▶ Dataset:
++++++++++

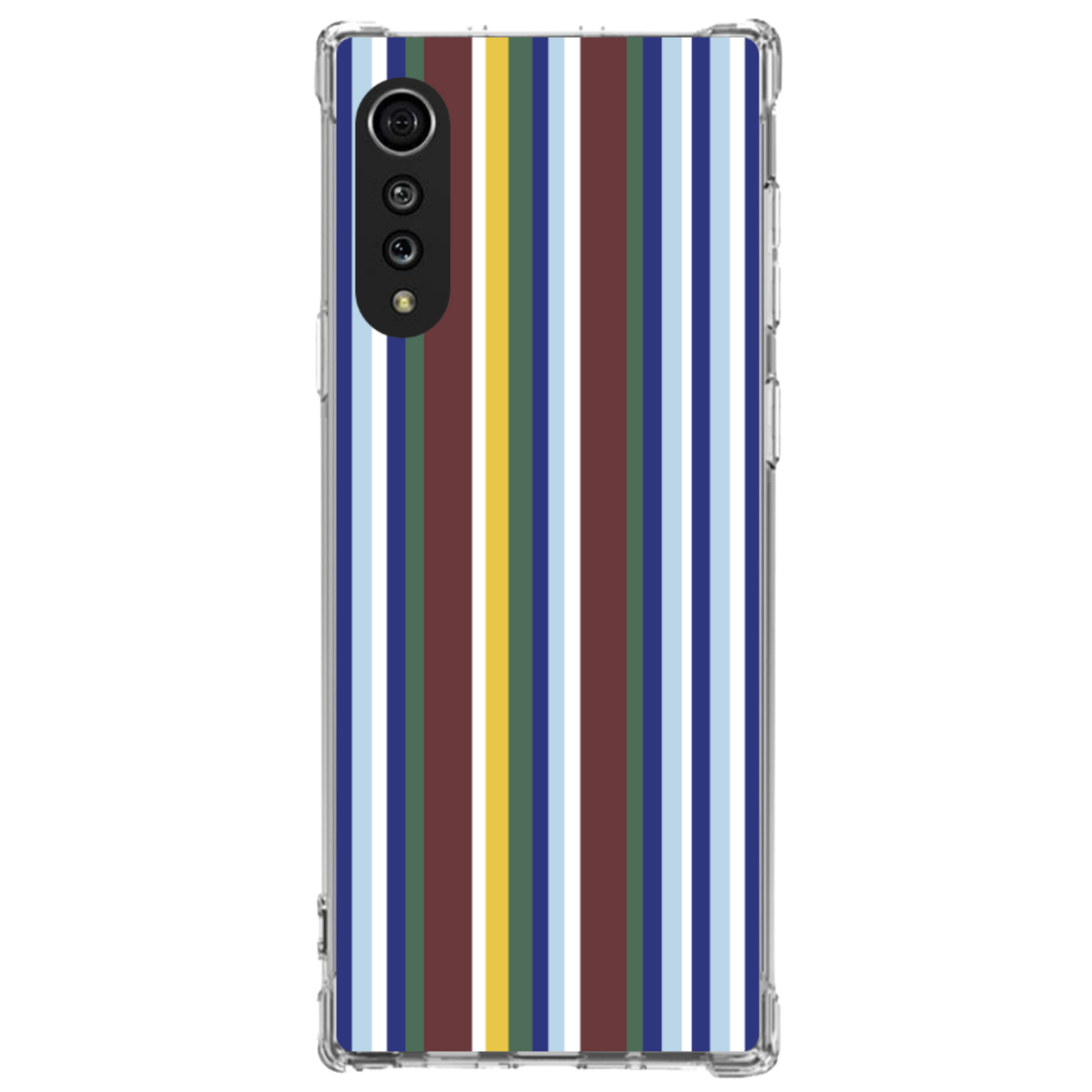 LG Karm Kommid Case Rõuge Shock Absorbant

++++++++++

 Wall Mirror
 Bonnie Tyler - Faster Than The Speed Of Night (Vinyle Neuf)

++++++++++

▶ Work order:
Look above for the line containing "Wall Mirror". Output from there through the line containing "Bonnie Tyler - Faster", exactly and inclusively.

▶ Task solution:
 Wall Mirror
 Bonnie Tyler - Faster Than The Speed Of Night (Vinyle Neuf)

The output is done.